この国の王家にとって隣国の今代の王は積極的に近づきたい対象でもないらしく、ドミニクの姉は隣国の公爵家に嫁いでいる。
「ただ、その王女の噂が問題でな。替え玉が公務をこなしているという」
ハリエットは首を傾げた。
「陛下や王太子殿下もご利用になった事がおありですよね?」
その一言に皆の顔が一瞬強張ったが、すぐに諦めたような空気になる。
「…本当に有能だよね。この話にうってつけの人材だ」
ドミニクが今まで見つけられたお忍びを思い返しているのか、辟易とした顔で呟いた。王太子が頷いて話を続ける。
「うちが替え玉を使うのは、直系となる人間が、遠くからの顔見せをする時か顔見せを目的としない時、かつ想定される危険性に対し十分な護衛が付けられない場合だけだ。
だが、縁談の来た隣国の王女は第三子だし、そこまで危険の生じる公務は無いはずだ。それに、ごく最近まで王が尋常ではない程度に溺愛してほとんど外に出すのを許さなかったぐらいなのに、少し前から頻繁に夜会に出るようになった。その上、他国との縁談など不審過ぎる。

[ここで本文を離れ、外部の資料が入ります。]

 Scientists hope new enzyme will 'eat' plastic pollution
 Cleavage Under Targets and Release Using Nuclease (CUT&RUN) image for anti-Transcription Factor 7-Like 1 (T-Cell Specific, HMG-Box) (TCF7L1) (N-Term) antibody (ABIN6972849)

ドミニクに目を鍛えられた妹は以前から疑っていたようだがな。曰く、『姿形は似ているけれど、細かい所作や話し方の違いが見える。同じ人に師事したら似る程度で、似せようとする意気込みすら見えない辺りが本職らしくない』そうだ。容姿からは王女の母方従妹、フェリシア嬢の可能性があるらしい」
ドミニクが溜息をついた。
「結婚するのが本物ならいいんだけれど、有能な替え玉を王女として寄越されると困るでしょう?ひどい侮辱行為だし、いつ露見しても問題になるだろうから。
で、調べに行こうと思って。僕には適任の部下も居るし」
ドミニクはハリエットを見てニヤリと笑った。
侍女長が最初の苦い顔に戻って補足する。
「貴女は元々単なる侍女として雇われる事を希望していた普通の御令嬢です。諜報としての仕事は危険性の低いものに限ろうと考えていました。

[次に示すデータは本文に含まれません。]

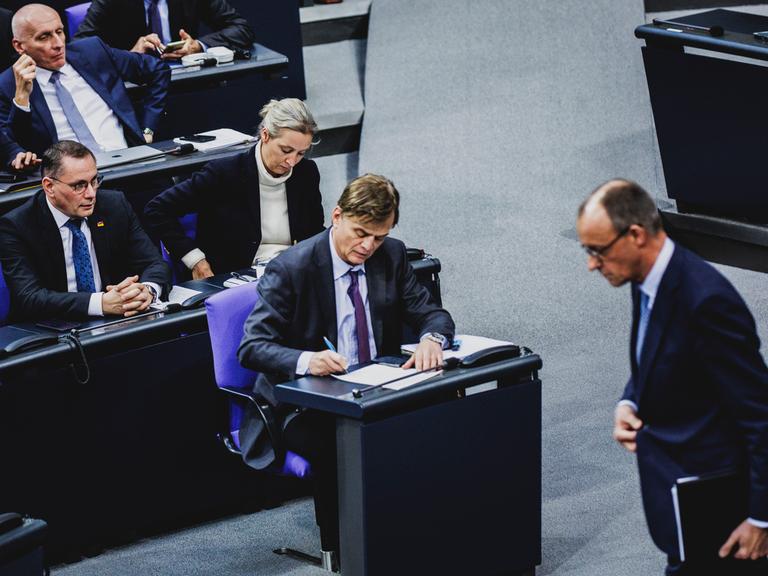 Friedrich Merz, CDU-Parteivorsitzender, und die AfD-Fraktion, aufgenommen im Rahmen der Sitzung des Deutschen Bundestages mit der Regierungserklaerung des Bundeskanzlers zu aktuellen innenpolitischen Themen in Berlin, 29.01.2025.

しかしこのお話を受ければ、隣国で貴女の能力を知られて、身の危険が増す可能性があります。ですから断っても構いません。両陛下からお許しは頂いています」
聖剣の持ち主は神のお気に入りで、持ち主とその周囲を害すれば神の嫌がらせに遭う。知らずに傷つける事を防ぐ為に入国時に相手国には通知するが、本人以外は軟禁程度であれば嫌がらせされないだろうと思われていて、ハリエットの身の保証がされた訳ではない。
一応の隣国に行く場合の建前としては、ドミニクから王女への贈り物を持っていく使者として行く事になるそうだ。使者選定の理由は、ドミニクからマイルズへ、日頃の感謝に婚前旅行のプレゼントを兼ねた、という事になるらしい。
王太子が説明を引き継ぐ。
「なるべくハリエット嬢は目立たないようにするし、危険な行動をさせるつもりはない。しかし、ドミニクの発案ではあるけれど、私達も王女を見極める必要はあると思っている。
先に知る方が有利ではあるが、分からなければ輿入れでここに来た際に契約の確認として数日は婚姻を延ばせる。この旅行中には完全に私的な時間も設けさせるつもりもある」
ハリエットはおずおずと、一番の懸念を伝えた。
「私は王女様のお顔を存じ上げませんので、お役に立てないかと…」
王太子は首を振った。
「以前の王女が外に出る機会が少なかったのだから、それは期待していない。密偵も送っているし、別方向の情報が得られれば良いという程度で気楽に考えてほしい。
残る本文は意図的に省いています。